- [What to produce] Repeat exactly, and only, the lines of the entries below from the one with "小米玄戒o1是由谁代工的" through the one with "オニオンニューペア B5アン", both ends included.

- [Records]
Start of Block

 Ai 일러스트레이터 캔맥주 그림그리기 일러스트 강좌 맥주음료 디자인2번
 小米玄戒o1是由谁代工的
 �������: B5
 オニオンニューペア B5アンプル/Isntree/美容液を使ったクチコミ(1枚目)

End of Block
Start of Block

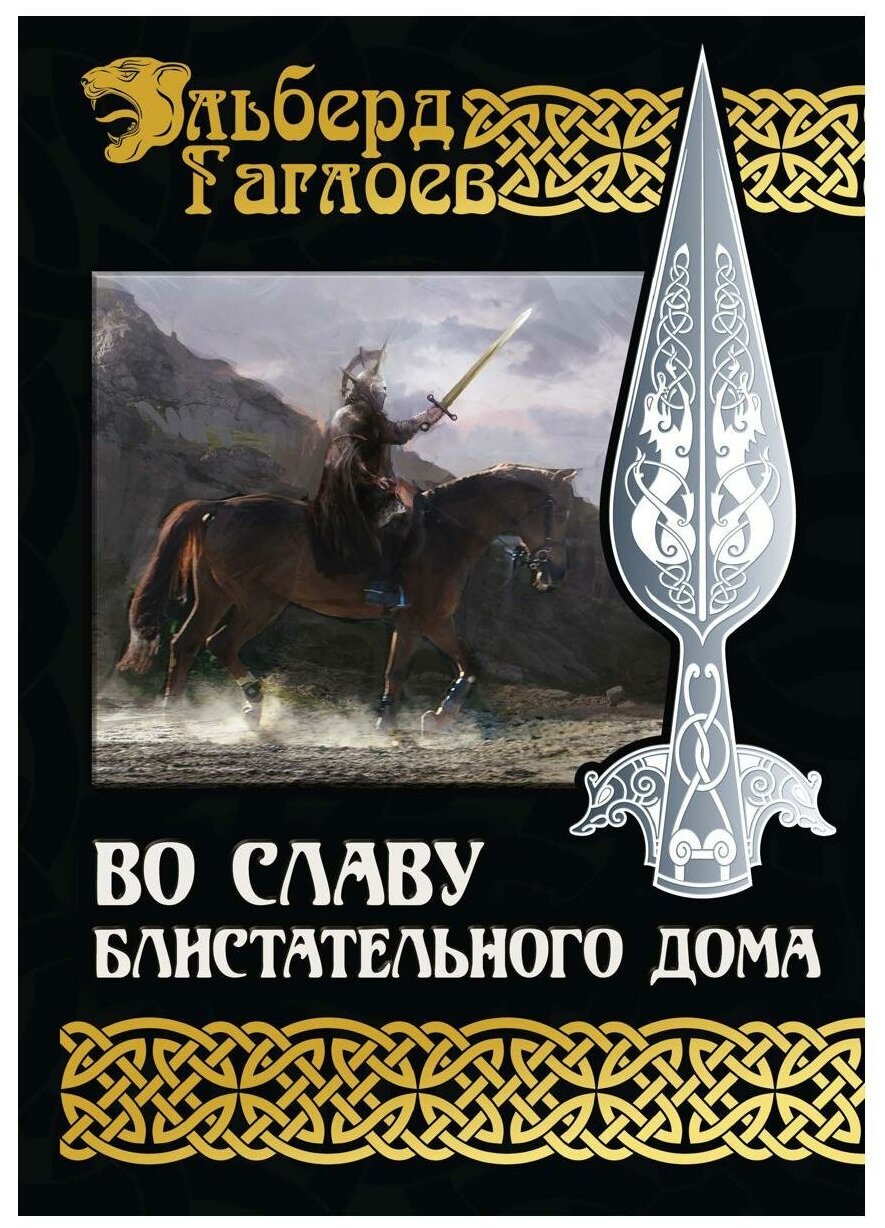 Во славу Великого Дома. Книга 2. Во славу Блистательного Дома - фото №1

End of Block

- [Answer box]
 小米玄戒o1是由谁代工的
 �������: B5
 オニオンニューペア B5アンプル/Isntree/美容液を使ったクチコミ(1枚目)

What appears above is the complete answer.